The equivalence between TwoP and itself induced by Prod.swap both ways.

@[simp]

theorem TwoP.swapEquiv_symm : TwoP.swapEquiv.symm = TwoP.swapEquiv

@[simp]

theorem TwoP_swap_comp_forget_to_Bipointed : CategoryTheory.Functor.comp TwoP.swap (CategoryTheory.forget₂ TwoP Bipointed) = CategoryTheory.Functor.comp (CategoryTheory.forget₂ TwoP Bipointed) Bipointed.swap

@[simp]

theorem pointedToTwoPFst_obj_X (X : Pointed) : (pointedToTwoPFst.obj X).X = Option X.X

@[simp]

theorem pointedToTwoPFst_obj_toTwoPointing_toProd (X : Pointed) : (pointedToTwoPFst.obj X).toTwoPointing.toProd = (some X.point, none)

@[simp]

theorem pointedToTwoPFst_map_toFun : ∀ {X Y : Pointed} (f : X ⟶ Y) (a : Option X.X), Bipointed.Hom.toFun (pointedToTwoPFst.map f) a = Option.map f.toFun a

noncomputable def pointedToTwoPFst : CategoryTheory.Functor Pointed TwoP

The functor from Pointed to TwoP which adds a second point.

@[simp]

theorem pointedToTwoPSnd_obj_X (X : Pointed) : (pointedToTwoPSnd.obj X).X = Option X.X

@[simp]

theorem pointedToTwoPSnd_map_toFun : ∀ {X Y : Pointed} (f : X ⟶ Y) (a : Option X.X), Bipointed.Hom.toFun (pointedToTwoPSnd.map f) a = Option.map f.toFun a

@[simp]

theorem pointedToTwoPSnd_obj_toTwoPointing_toProd (X : Pointed) : (pointedToTwoPSnd.obj X).toTwoPointing.toProd = (none, some X.point)

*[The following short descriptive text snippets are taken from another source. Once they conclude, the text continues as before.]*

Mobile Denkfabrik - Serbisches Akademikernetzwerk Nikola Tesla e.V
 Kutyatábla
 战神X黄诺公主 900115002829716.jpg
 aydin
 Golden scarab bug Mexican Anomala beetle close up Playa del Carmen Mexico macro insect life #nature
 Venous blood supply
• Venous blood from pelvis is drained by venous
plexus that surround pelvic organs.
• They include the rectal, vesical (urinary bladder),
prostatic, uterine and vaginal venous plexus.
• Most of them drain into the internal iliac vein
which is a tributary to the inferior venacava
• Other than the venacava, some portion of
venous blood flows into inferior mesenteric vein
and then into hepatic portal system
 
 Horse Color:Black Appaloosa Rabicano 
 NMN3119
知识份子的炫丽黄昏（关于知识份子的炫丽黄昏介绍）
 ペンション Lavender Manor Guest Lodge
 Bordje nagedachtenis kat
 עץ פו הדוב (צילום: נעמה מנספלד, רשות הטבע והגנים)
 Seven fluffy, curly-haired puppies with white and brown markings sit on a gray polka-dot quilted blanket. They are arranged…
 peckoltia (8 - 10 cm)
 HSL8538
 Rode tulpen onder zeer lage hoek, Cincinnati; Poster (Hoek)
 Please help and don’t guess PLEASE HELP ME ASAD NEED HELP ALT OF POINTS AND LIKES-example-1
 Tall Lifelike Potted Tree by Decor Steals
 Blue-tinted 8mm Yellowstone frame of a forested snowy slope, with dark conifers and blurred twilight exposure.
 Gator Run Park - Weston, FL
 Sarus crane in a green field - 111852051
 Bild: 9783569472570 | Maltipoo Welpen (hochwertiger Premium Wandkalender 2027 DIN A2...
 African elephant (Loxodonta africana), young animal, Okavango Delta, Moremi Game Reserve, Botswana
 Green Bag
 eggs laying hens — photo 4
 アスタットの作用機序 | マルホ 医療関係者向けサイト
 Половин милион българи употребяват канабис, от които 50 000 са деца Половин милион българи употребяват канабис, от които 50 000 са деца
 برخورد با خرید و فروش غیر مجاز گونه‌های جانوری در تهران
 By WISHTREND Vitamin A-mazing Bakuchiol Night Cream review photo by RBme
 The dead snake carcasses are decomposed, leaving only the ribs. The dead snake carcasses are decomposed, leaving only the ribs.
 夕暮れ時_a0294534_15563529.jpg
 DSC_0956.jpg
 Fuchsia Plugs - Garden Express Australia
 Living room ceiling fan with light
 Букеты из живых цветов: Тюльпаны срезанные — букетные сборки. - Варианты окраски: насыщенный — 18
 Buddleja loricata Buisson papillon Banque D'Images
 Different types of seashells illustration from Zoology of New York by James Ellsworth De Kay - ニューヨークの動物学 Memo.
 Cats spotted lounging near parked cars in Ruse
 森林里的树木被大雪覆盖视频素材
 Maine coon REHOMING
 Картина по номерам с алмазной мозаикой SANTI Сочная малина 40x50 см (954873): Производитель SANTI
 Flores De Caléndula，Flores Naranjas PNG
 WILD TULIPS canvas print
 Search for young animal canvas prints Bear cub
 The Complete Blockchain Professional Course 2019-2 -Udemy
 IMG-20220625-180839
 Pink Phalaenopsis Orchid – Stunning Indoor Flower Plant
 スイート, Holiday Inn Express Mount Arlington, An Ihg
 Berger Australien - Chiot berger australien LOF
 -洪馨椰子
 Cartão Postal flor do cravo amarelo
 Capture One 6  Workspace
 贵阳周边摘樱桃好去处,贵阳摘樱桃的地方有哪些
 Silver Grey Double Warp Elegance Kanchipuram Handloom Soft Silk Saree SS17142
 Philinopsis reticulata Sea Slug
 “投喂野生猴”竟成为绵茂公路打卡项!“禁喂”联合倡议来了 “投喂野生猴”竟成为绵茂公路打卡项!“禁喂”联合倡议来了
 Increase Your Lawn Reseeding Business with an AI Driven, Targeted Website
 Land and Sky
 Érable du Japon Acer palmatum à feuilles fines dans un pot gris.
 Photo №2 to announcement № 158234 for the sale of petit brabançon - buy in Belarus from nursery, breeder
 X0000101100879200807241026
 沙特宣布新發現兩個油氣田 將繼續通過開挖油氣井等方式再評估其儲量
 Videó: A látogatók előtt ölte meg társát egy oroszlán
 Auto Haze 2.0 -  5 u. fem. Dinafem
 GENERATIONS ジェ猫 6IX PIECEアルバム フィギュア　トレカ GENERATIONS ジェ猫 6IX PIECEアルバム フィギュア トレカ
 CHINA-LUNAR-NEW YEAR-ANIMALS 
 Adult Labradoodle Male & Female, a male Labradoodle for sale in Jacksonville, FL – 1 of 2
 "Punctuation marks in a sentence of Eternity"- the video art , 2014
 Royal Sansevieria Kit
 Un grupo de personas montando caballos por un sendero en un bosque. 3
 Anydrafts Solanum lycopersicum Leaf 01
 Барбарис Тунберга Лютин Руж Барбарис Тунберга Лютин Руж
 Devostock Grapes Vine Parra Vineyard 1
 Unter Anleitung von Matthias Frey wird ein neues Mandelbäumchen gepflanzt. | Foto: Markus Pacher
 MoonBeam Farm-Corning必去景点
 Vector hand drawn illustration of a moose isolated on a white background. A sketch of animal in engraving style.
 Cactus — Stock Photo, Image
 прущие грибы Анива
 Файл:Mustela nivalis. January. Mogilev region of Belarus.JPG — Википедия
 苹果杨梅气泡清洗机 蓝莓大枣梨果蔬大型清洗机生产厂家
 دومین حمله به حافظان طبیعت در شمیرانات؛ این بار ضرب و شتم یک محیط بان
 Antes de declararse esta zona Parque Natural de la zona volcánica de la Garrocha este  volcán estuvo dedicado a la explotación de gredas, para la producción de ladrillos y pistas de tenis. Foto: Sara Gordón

noncomputable def pointedToTwoPSnd : CategoryTheory.Functor Pointed TwoP

The functor from Pointed to TwoP which adds a first point.

@[simp]

theorem pointedToTwoPFst_comp_swap : CategoryTheory.Functor.comp pointedToTwoPFst TwoP.swap = pointedToTwoPSnd

@[simp]

theorem pointedToTwoPSnd_comp_swap : CategoryTheory.Functor.comp pointedToTwoPSnd TwoP.swap = pointedToTwoPFst

@[simp]

theorem pointedToTwoPFst_comp_forget_to_bipointed : CategoryTheory.Functor.comp pointedToTwoPFst (CategoryTheory.forget₂ TwoP Bipointed) = pointedToBipointedFst

@[simp]

theorem pointedToTwoPSnd_comp_forget_to_bipointed : CategoryTheory.Functor.comp pointedToTwoPSnd (CategoryTheory.forget₂ TwoP Bipointed) = pointedToBipointedSnd

noncomputable def pointedToTwoPFstForgetCompBipointedToPointedFstAdjunction : pointedToTwoPFst ⊣ CategoryTheory.Functor.comp (CategoryTheory.forget₂ TwoP Bipointed) bipointedToPointedFst

Adding a second point is left adjoint to forgetting the second point.

noncomputable def pointedToTwoPSndForgetCompBipointedToPointedSndAdjunction : pointedToTwoPSnd ⊣ CategoryTheory.Functor.comp (CategoryTheory.forget₂ TwoP Bipointed) bipointedToPointedSnd

Adding a first point is left adjoint to forgetting the first point.